Kate Kennedy's comic superhero story prods at an array of social anxieties felt, particularly but not exclusively, by young women. Hunch's alterego Una is wracked by indecision, paralysed even over what to pick up for dinner. Change causes stomach cramps and chronic pain, and, at 27, still living with her parents, she's incapable of steering her life in any direction – at least until her sensitive gut makes its powers manifest.
Set in the city of Hum, a metropolis so endemically indecisive that it enlists a squad of superheroes to call its every shot, from what to buy at the butchers to whether to embark on that affair, Hunch takes a sideways glance at a world in stasis – personally, as well as politically. It's cutely done: the Avengers-style supergroup is led by nerdy Head and super-smooth Heart, with less than helpful input from, er, Genitals (lusty) and Maude (depressive). Fortunately, Hack's there to provide back-up by erasing any wrong turns along the way.
Kennedy plays them all, and more, with a likeable knack for caricature. Dressed in Hunch's red halterneck jumpsuit, she hops between cocksure chirpsers and stern sexual health nurses with a verve that will only tighten as the shows settles into its run. Even so, a convoluted plot teeming with tangents means the constant character turns can be confusing.
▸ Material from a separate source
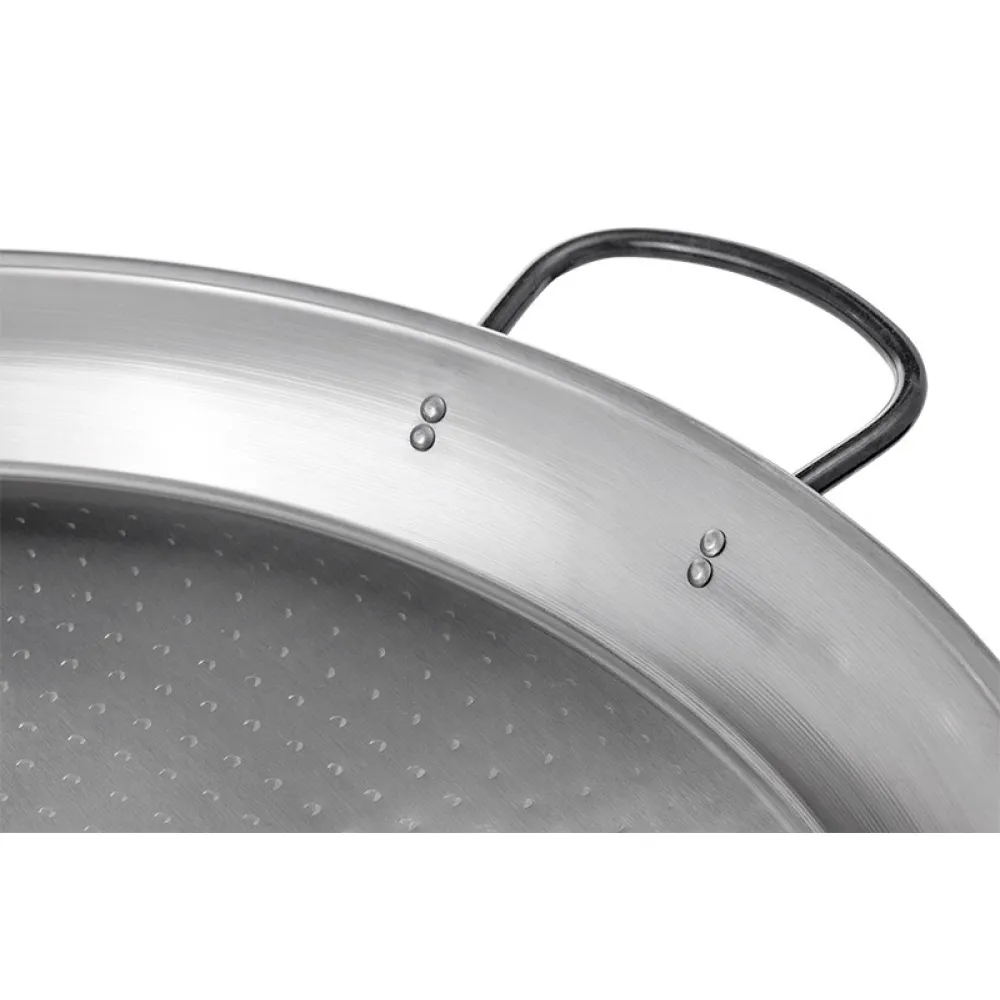 Polished steel paella pan extra (REF46)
It's Hunch herself – or rather Una – who holds the key. "Unstoppable" as her heroic alterego, she still feels liable to "topple over if someone blows in my face" in her own life. Her split personality – professional self and personal life – suggests imposter syndrome and the need to adopt a fixed public persona. While her chef boyfriend Luke is laid-back, Una feels as if the fate of the whole world rests on her every decision. Call it superhero's guilt.
Against that, Hunch offers solace and realism. A testament to going with your gut – not only trusting yourself, but thinking corporeally in a way that feels acutely feminist – it also insists that some things, however tragic, simply can't be controlled, let alone erased.
For all that, however, Hunch still feels oddly inconsequential and Kennedy never entirely cuts from cute, comic allegory to real-world resonance in the way that, say, Alistair McDowall's Captain Amazing managed. Likeable and diverting, it's just lacking in guts.